■ **ACTIVITY**: Using the listing below, print the line containing "prada ps03qs|Prada Lifestyle", the line containing "The Broad Leys", and each line between them, exactly and nothing else. Pictures stay out of the print.
═══ RECORDS FOR THE EXERCISE ═══
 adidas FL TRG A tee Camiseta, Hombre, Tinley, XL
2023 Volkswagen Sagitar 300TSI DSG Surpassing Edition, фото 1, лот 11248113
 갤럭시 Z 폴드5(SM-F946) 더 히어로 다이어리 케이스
═══
═══ RECORDS FOR THE EXERCISE ═══
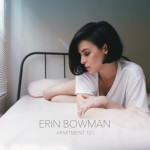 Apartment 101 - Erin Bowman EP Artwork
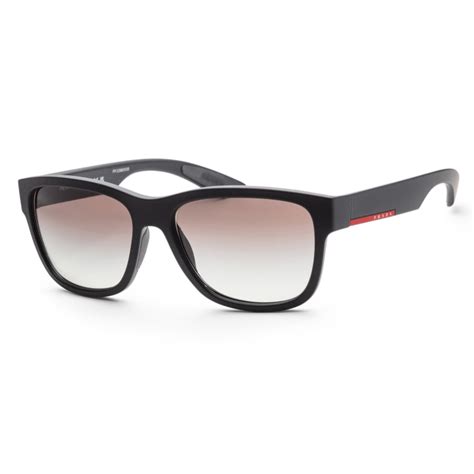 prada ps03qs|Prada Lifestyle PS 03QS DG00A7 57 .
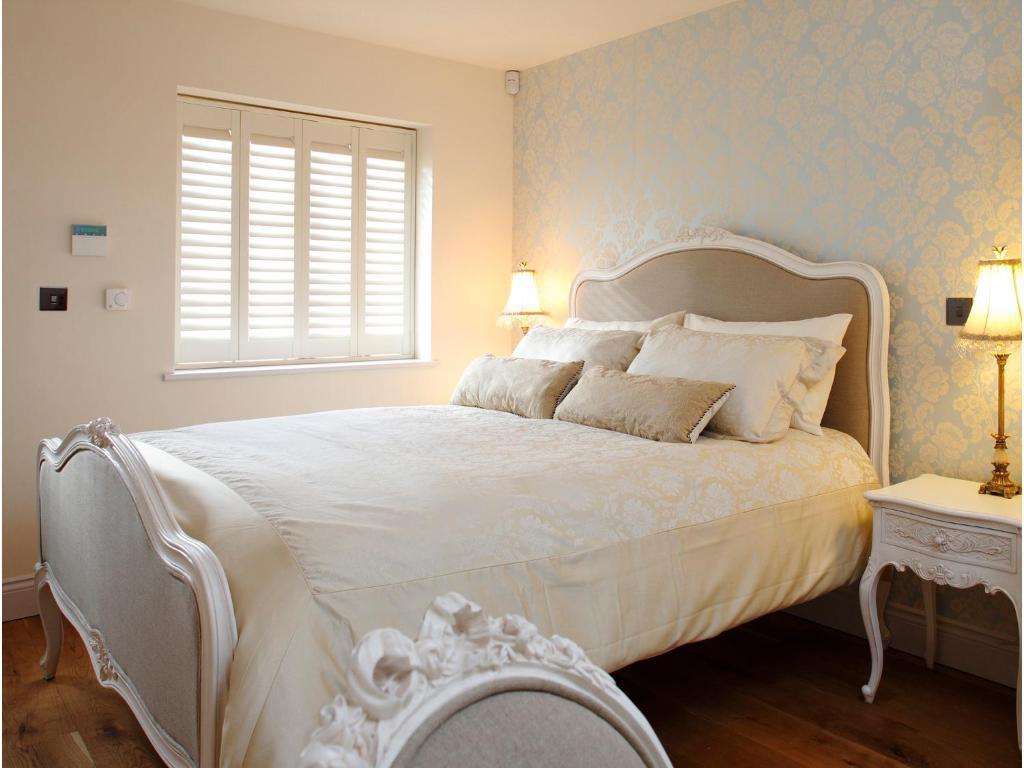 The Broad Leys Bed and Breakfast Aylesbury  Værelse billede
═══
■ **RESULT FOR THIS EXERCISE**:
 prada ps03qs|Prada Lifestyle PS 03QS DG00A7 57 .
 The Broad Leys Bed and Breakfast Aylesbury  Værelse billede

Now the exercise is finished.